• Description of the task
Keep the pictures out. Write out every line of the listing exactly.
##### Task inputs
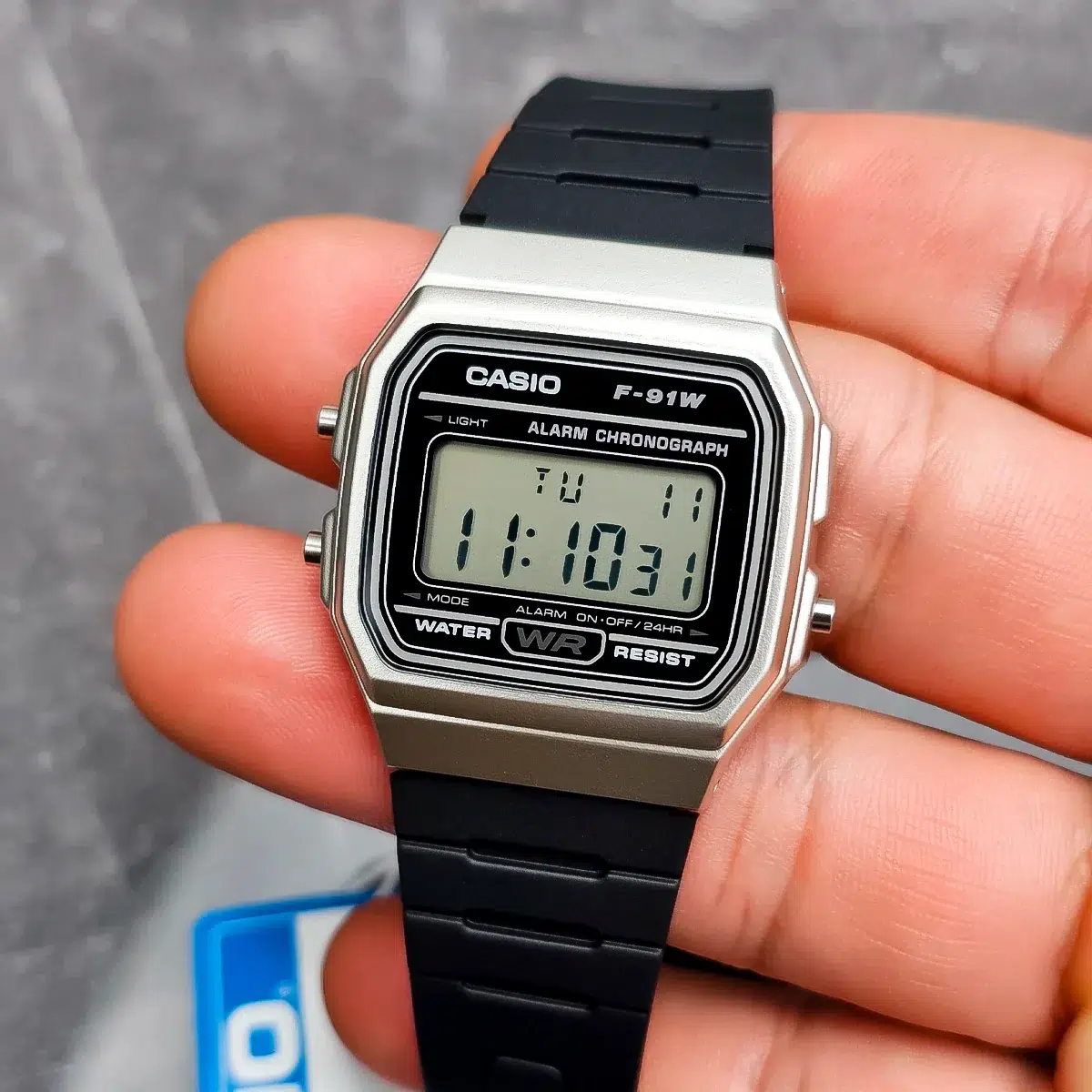 Reloj Casio F-91WM-7ADF Unisex – Digital Negro Plateado Clásico – Casio Perú Reloj Casio F-91WM-7ADF Unisex – Digital Negro Plateado Clásico - Imagen 2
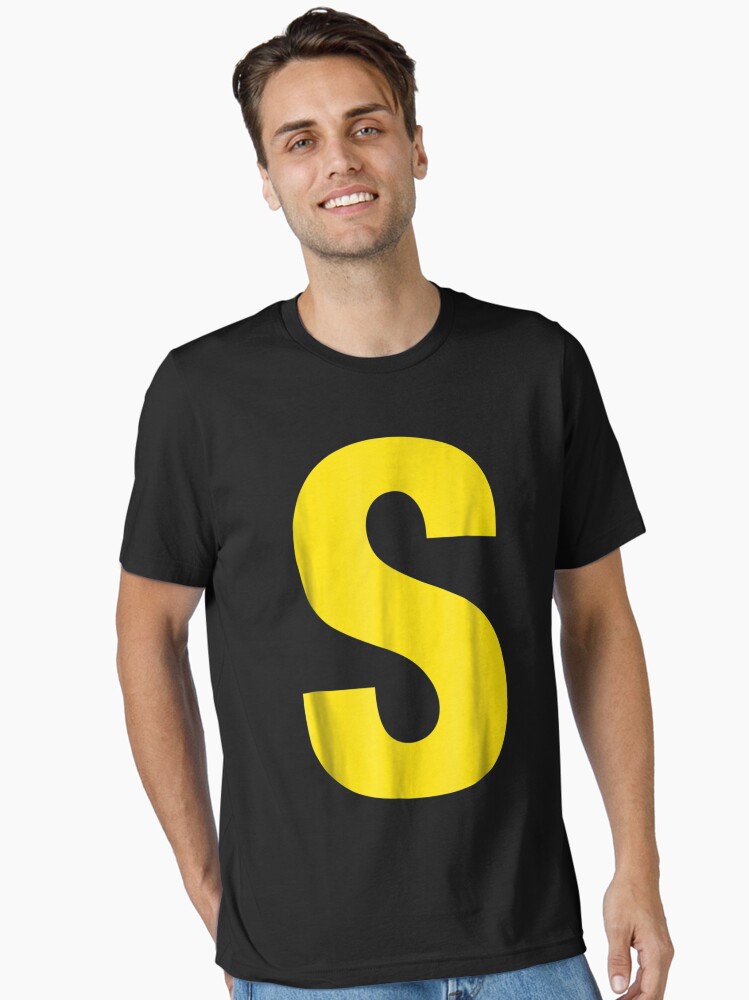 Name Letter S-Simon Chipmunk Halloween Costume Christmas T-Shirt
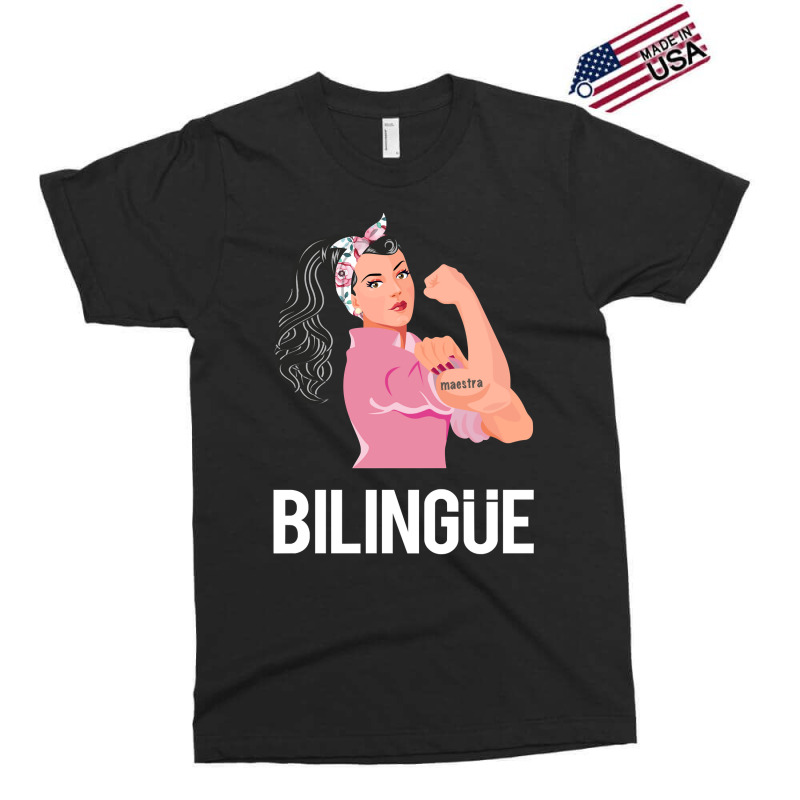 Maestra Bilingue Bilingual Spanish Teacher Long Sleeve T Shirt Exclusive T-shirt by HUUY | Artistshot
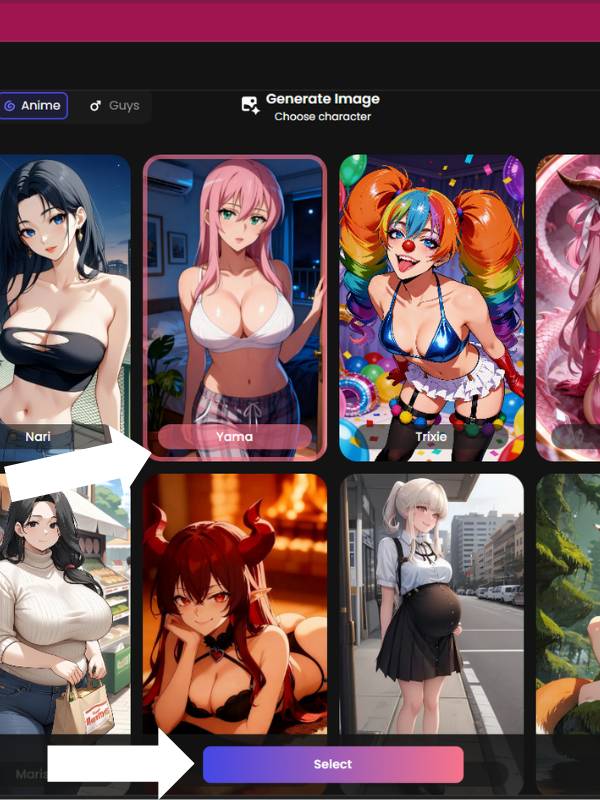 Step 1 Choose a Character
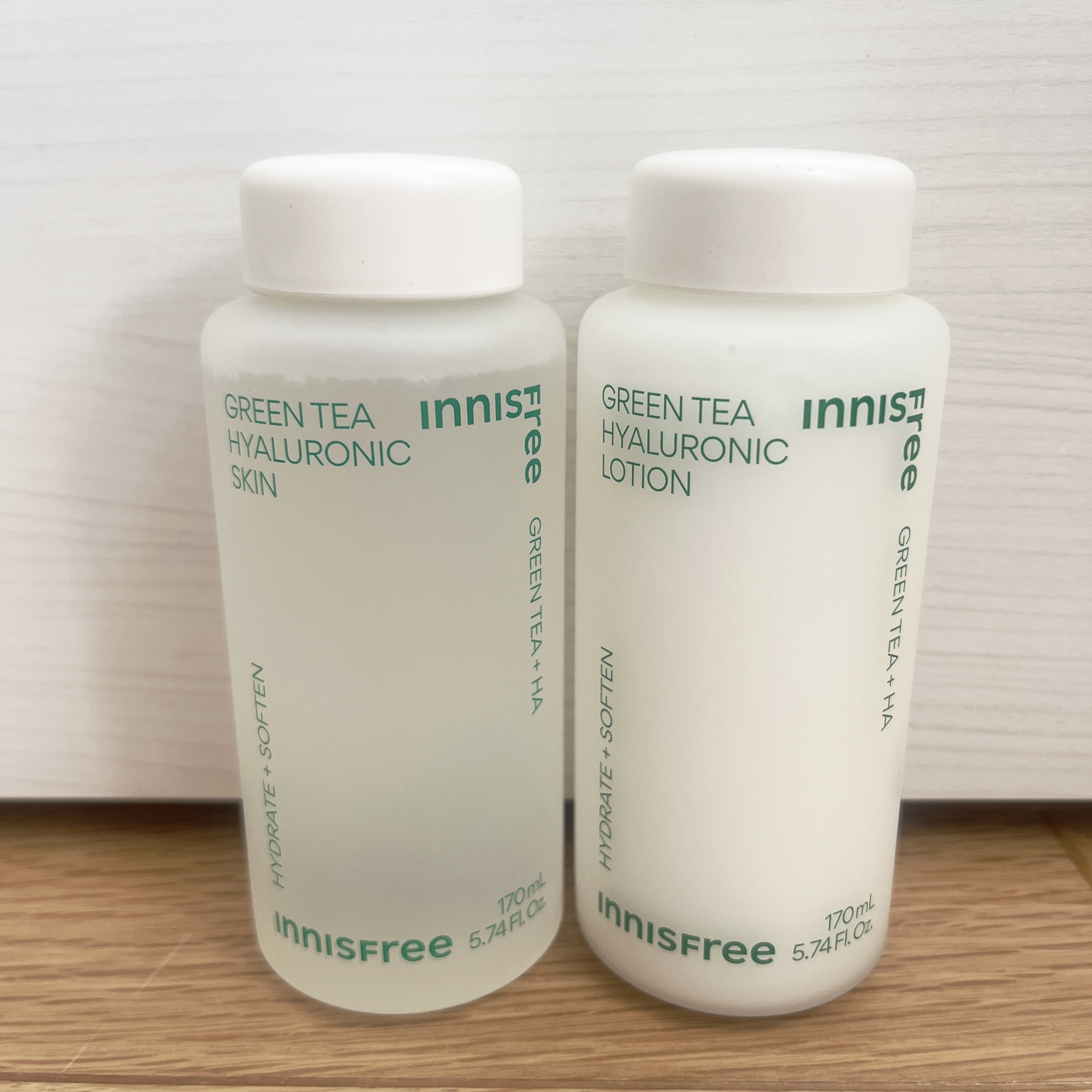 グリーンティー　ヒアルロン　スキン/innisfree/化粧水を使ったクチコミ（1枚目）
##########
• Exercise output
 Reloj Casio F-91WM-7ADF Unisex – Digital Negro Plateado Clásico – Casio Perú Reloj Casio F-91WM-7ADF Unisex – Digital Negro Plateado Clásico - Imagen 2
 Name Letter S-Simon Chipmunk Halloween Costume Christmas T-Shirt
 Maestra Bilingue Bilingual Spanish Teacher Long Sleeve T Shirt Exclusive T-shirt by HUUY | Artistshot
 Step 1 Choose a Character
 グリーンティー　ヒアルロン　スキン/innisfree/化粧水を使ったクチコミ（1枚目）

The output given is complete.